Jimmy Wales: How a Ragtag Band Created Wikipedia

“Wikipedia begins with a very radical idea, and that’s for all of us to imagine a world where every single person on the planet is given free access to the sum of all human knowledge, and that’s what we’re doing.”

– Jimmy Wales, Wikipedia creator

It no surprise that the freely-licensed Encyclopedia, Wikipedia, has foundations that can be traced back to the cyberculture movement and specifically the development of The WELL, one of the first online communities. As we discussed in class, the Wiki model is somewhat controversial and interesting. Watching the 2005 TED talk by Wikipedia creator Jimmy Wales furthered the connections we had made in class about free information and self-governing systems. Jimmy Wales’s Wiki Model fosters a “community” much like the one created by The WELL. This community abides by a non-negotiable neutrality policy that upholds the social concept of cooperation, as Wikipedia does not take a stand on issues, but rather aims to give the public information they need to make good decisions. As explained by Wales, the governing of Wikipedia consists of a mix of consensus, some democracy (i.e. elected administrators have ability to delete pages but have to follow the rules), some aristocracy (votes by respected Wikipedians have more weight), and monarchy (the community entrusts in Wales for hard decisions). The Wikipedia community is “close-knit” and consists of ~600-1,000 people (in 2005) who are in constant communication within the community and outside of it. Interestingly, only about 18% (2005 estimate) of all the edits are done by anonymous users.

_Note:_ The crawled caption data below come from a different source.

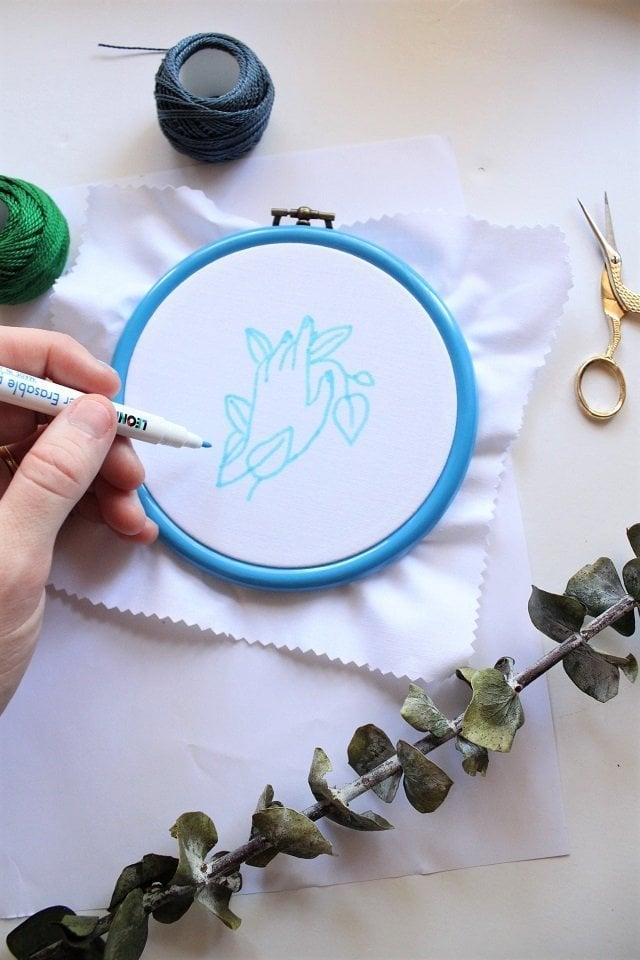 embroidery tools and materials - marker on fabric in an embroidery hoop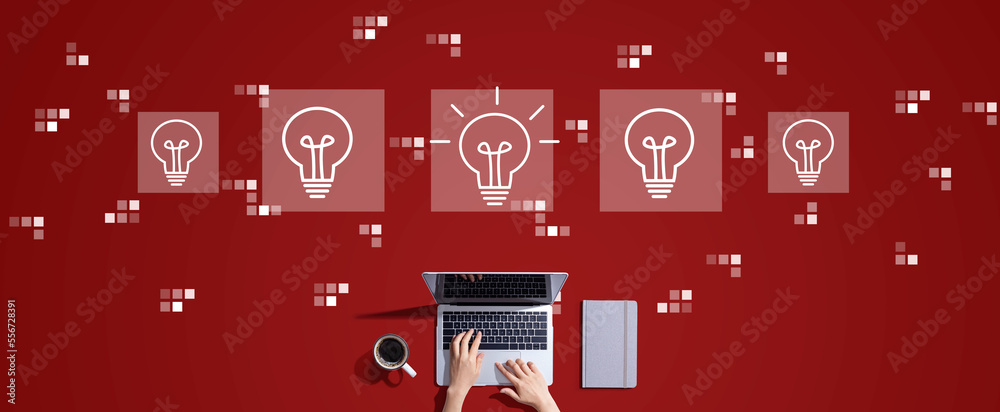 Idea light bulb theme with person working with a laptop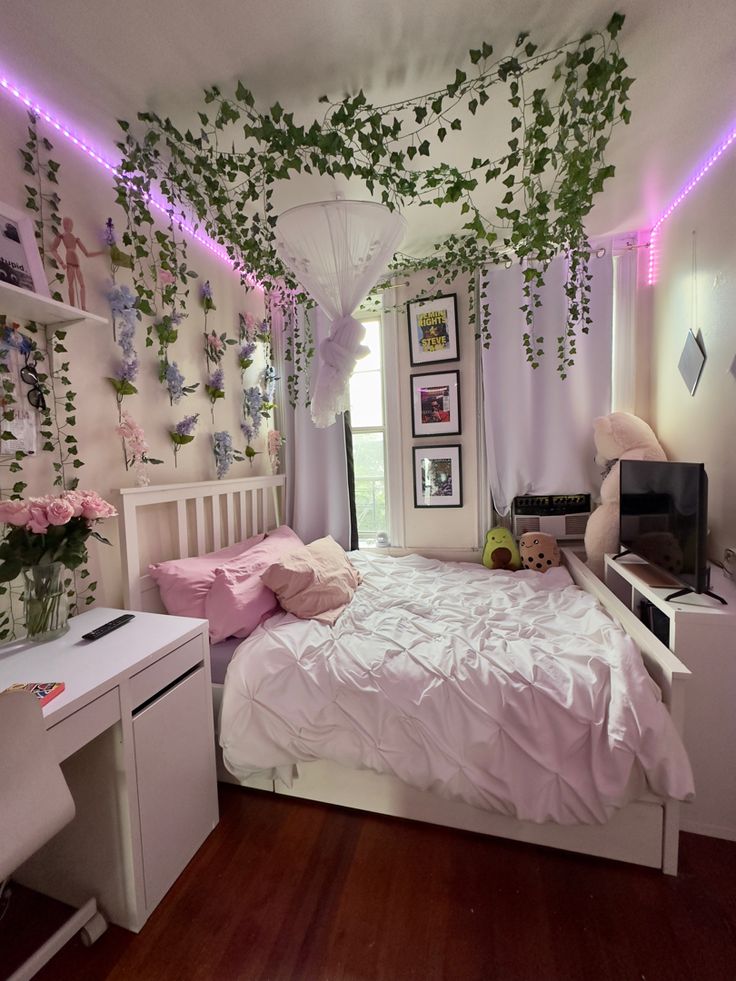 a bedroom decorated in pink and white with plants growing on the wall above the bed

The Wiki Model, just like the countercultural to cyberculture movement, occurred organically: “The free-form nature of the Wiki software lets the community determine how it wants to interact.” For example, when someone in the community votes on a page’s deletion, it is more of a dialogue than a vote and members discuss the potential of the page and the progress that can be made on it, all while abiding by the neutrality policy.

Although the neutrality policy is strict, “anyone who wants to pitch in is in charge,” as said by Jimmy Wales, and further supports the self-governing ideals and breaks down hierarchy. I thought this structure was very directly related to the paragraph on p.224 (Chapter 7) about “nested hierarchies.” As discussed above, Wikipedia has some sort of nested hierarchies, but its existence does not necessarily prohibit equality: “…so hierarchies do indeed exist. But they are ubiquitously distributed, which renders them an egalitarian force.”

In general, I thought it was highly interesting that Wales had spoke about Wikipedia at this TED (Technology, Entertainment, and Design) Conference, as it is considered “one of the most important networking events in the computer industry,” (p.211) and has very close connections to the Wired network, the GBN, and Digital Visionaries as a whole.

“Wiki model is the way we work, but we are not fanatical web anarchists. We are very flexible about the social methodology because it is ultimately the passion of the community is for the quality of the work, not necessarily for the process that we use to generate it.”